PROVIDED DATA START
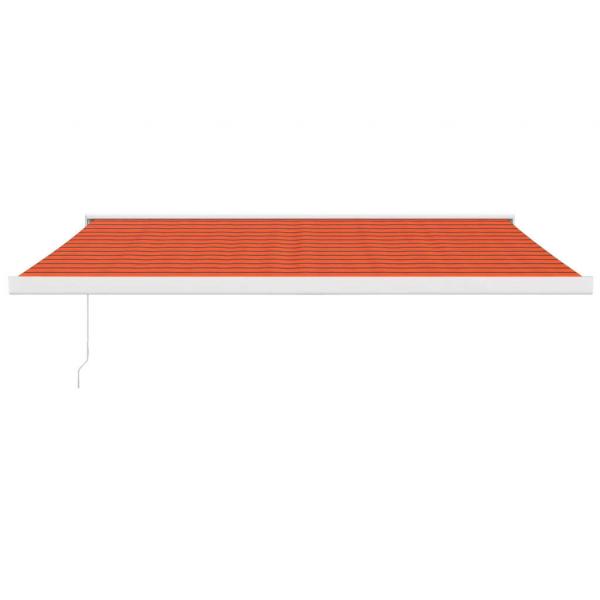 Markise Einziehbar Orange und Braun 4x3 m Stoff & Aluminium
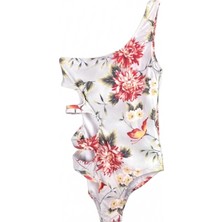 Look Me Vintage Floral Figürlü Asimetrik Kesim Yanları Üçlü Pencere Detaylı Kız Çocuk Mayo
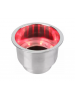 Porta copo em aço inox com dreno e led - Vermelho 
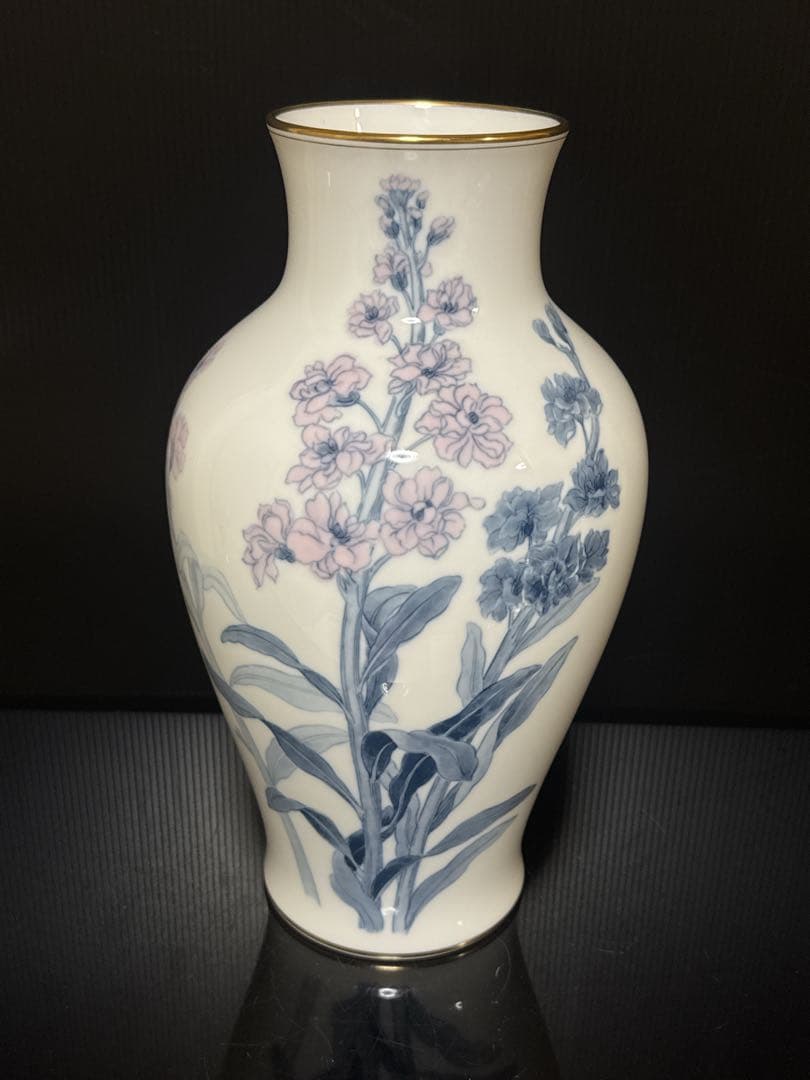 大型 大倉陶園 OKURA 彩色花図 花瓶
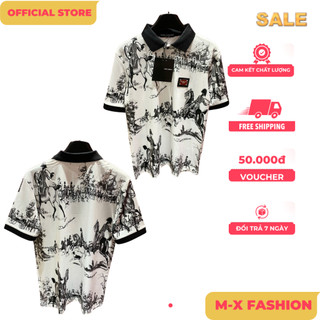 ÁO polo nam cổ tròn họa tiết tay ngắn phong cách trẻ trung chuẩn from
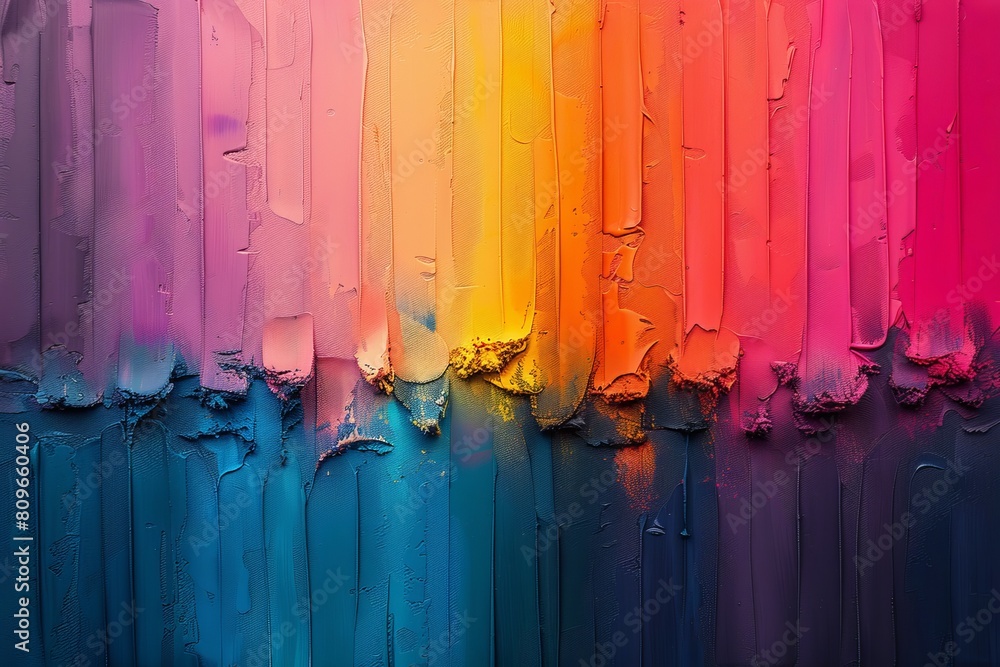 Poster an abstract image showcasing a range of colors melting down in a wet paint texture, creating a vibra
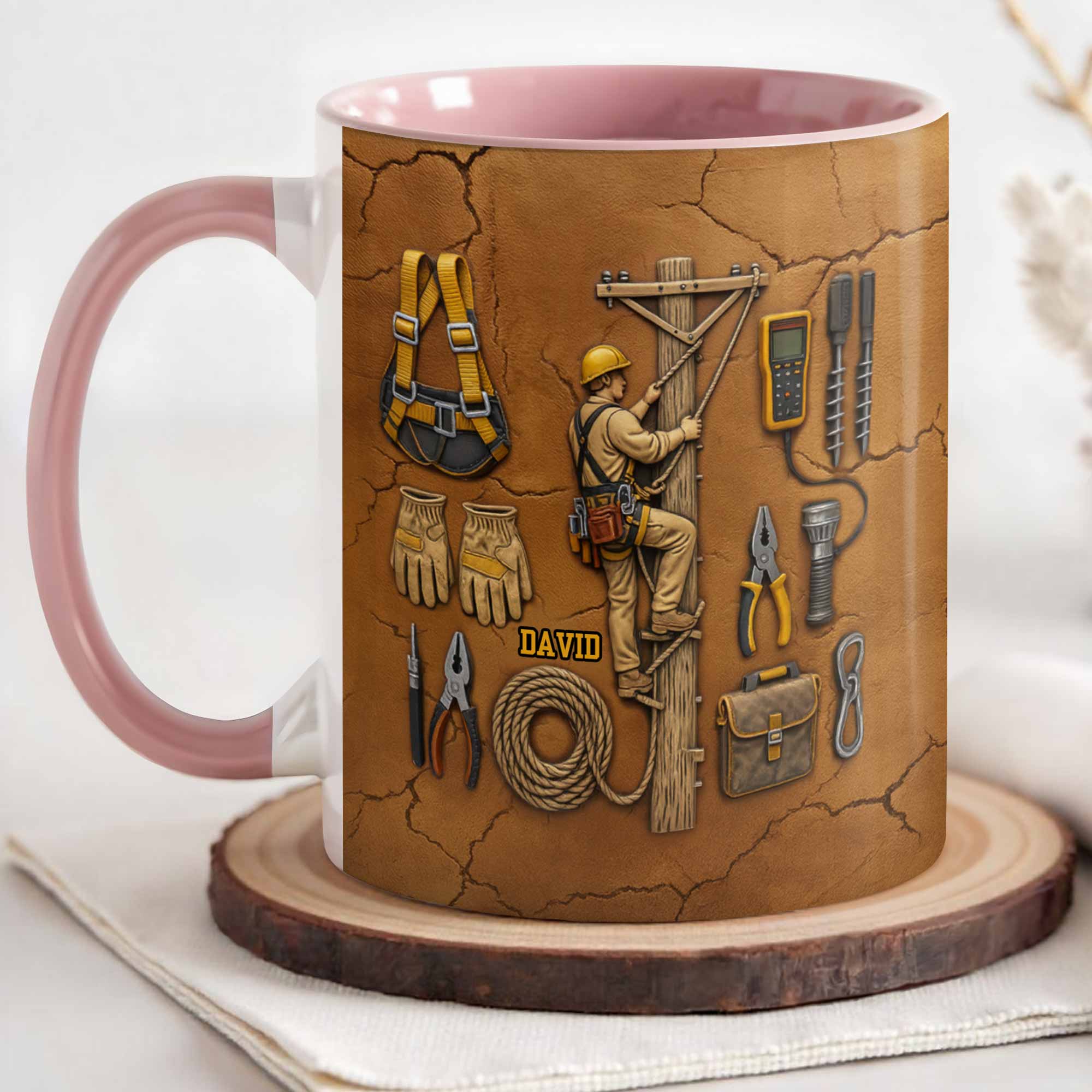 Personalized Lineman And Tools Accent Mug Best Gifts For Electrician - Image 3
PROVIDED DATA END
* **WORK ORDER**: Copy out, unchanged, the span of lines beginning with the one that includes "Poster an abstract" and running through the final line of the material above. Leave the pictures out.

* **EXPECTED ANSWER**:
 Poster an abstract image showcasing a range of colors melting down in a wet paint texture, creating a vibra
 Personalized Lineman And Tools Accent Mug Best Gifts For Electrician - Image 3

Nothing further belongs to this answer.